- Born: John Douglas Louis Veale 15 June 1922 Shortlands, Bromley, London, England
- Died: 16 November 2006 (aged 84) Bromley, London, England
- Occupation: Classical composer
- Parent: Douglas Veale (father)

= John Veale =

English composer

John Douglas Louis Veale (15 June 1922 – 16 November 2006) was an English classical composer.

==Early career==
He was born in Shortlands, Bromley, Kent; his father, the civil servant Douglas Veale, later served as Registrar of the University of Oxford (1930–1958) and received a knighthood. John Veale was educated at Repton and studied modern history at Corpus Christi College, Oxford (his father's old college). Discovering Sibelius and Shostakovich, and receiving encouragement from William Walton, Sir Hugh Allen and Humphrey Searle, he decided to become a composer, taking some lessons from Egon Wellesz.

Veale sketched out his first symphony during the war while serving in the Army's Education Corps. After demobilisation he returned to Corpus Christi for more composition lessons with Wellesz and counterpoint and harmony with Thomas Armstrong. While there he began composing incidental music for Oxford University Dramatic Society productions, in which Kenneth Tynan and Lindsay Anderson were involved. Between 1949 and 1951 he won a scholarship to study in California with Roger Sessions and Roy Harris (the latter's only English pupil). He composed Panorama as an orchestral tribute to San Francisco.

Veale had married Diana Taylor in August 1944. In September 1951 came the death of their four-year-old daughter Jane. The Elegy for flute, harp and strings was written in her memory, and was adopted and recorded by the Boyd Neel Orchestra the following year, with soloists Richard Adeney and Maria Korchinska.

==Composer (1950s-60s)==
In the first half of the 1950s Veale's music was widely performed. Panorama was premiered by Sir Adrian Boult at the Elgar Festival, Malvern in 1951, and later at the BBC Proms in 1955. The Symphony No. 1 was premiered by Sir John Barbirolli at the Cheltenham Music Festival in 1952. The Clarinet Concerto had its premiere at the Royal Festival Hall in 1954, conducted by Sir Malcolm Sargent. The Metropolis concert overture was also premiered in 1955 by Sir Charles Groves.

From 1954 film scores took up most of his time, The Purple Plain being the first. From that score he derived his choral work Kubla Khan, effectively evoking the atmosphere of the East. Eight film scores followed, ending with Clash by Night in 1963. The following year he composed the Symphony No. 2, his largest purely orchestral work.

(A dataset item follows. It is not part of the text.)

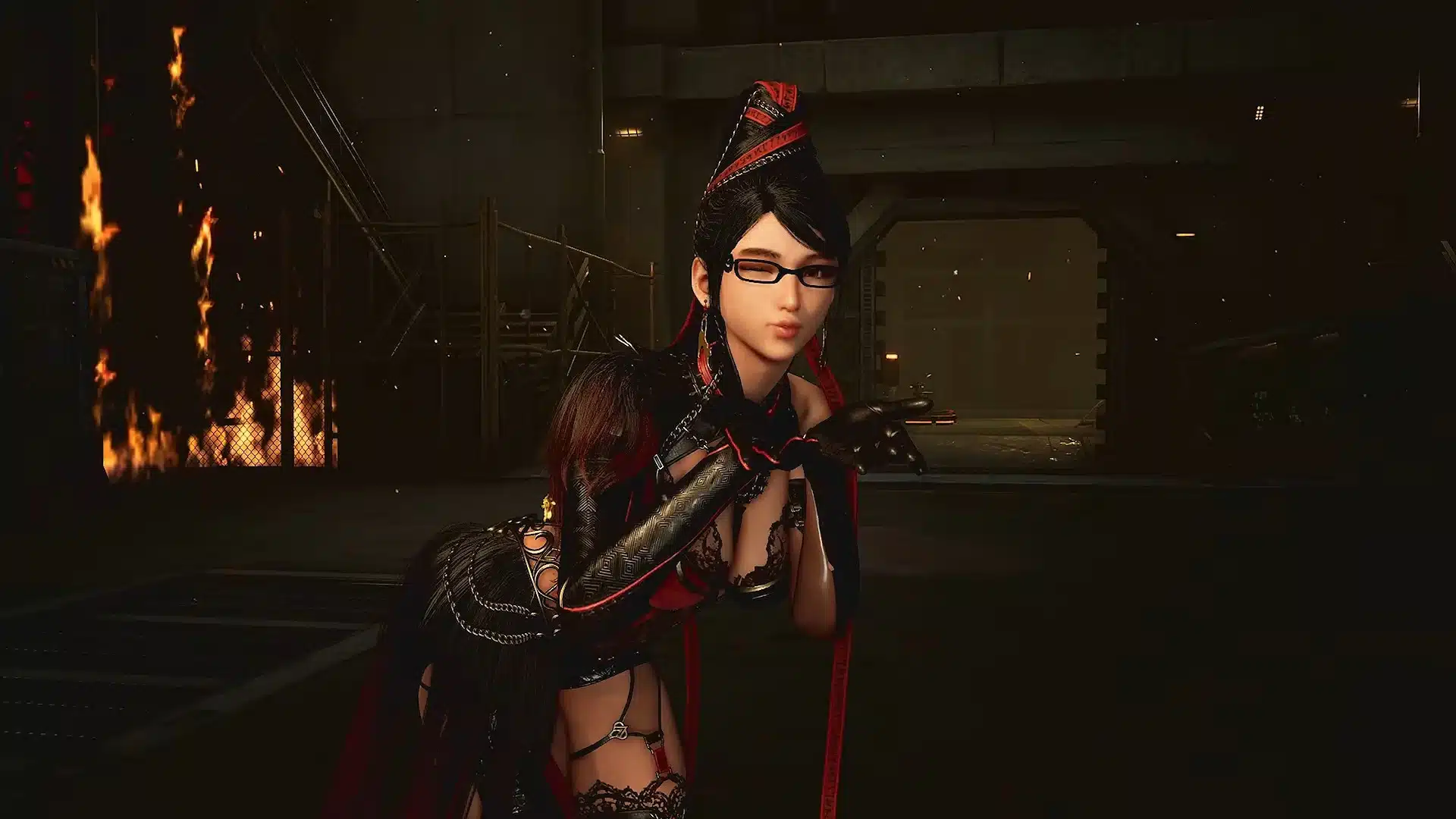 Stellar Blade est à l’essai sur Switch 2 le temps d’une démo et nous montre son dernier costume lié à Bayonetta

Unable to support himself and his family through composition work, Veale joined the Oxford Mail as film correspondent and sometimes music critic between 1966 and 1980, and also worked as copy editor at Oxford University Press (1968–1987). From 1965 until he began work on the Violin Concerto in the early 1980s he stopped composing altogether, and even stopped listening to music.

==Later career==
After 15 years of silence, Veale returned to composition with the Violin Concerto, which was broadcast by the BBC in 1986 with soloist Erich Gruenberg and the BBC Philharmonic Orchestra, conducted by Edward Downes. There followed (among other scores) the massive choral and orchestral work Apocalypse (which remains unperformed) and the Symphony No. 3, completed in 2003, which received its broadcast premiere in the year of his death. The Chandos recording of the Violin Concerto with soloist Lydia Mordkovitch, issued in 2001, resulted in a further revival of interest in his music.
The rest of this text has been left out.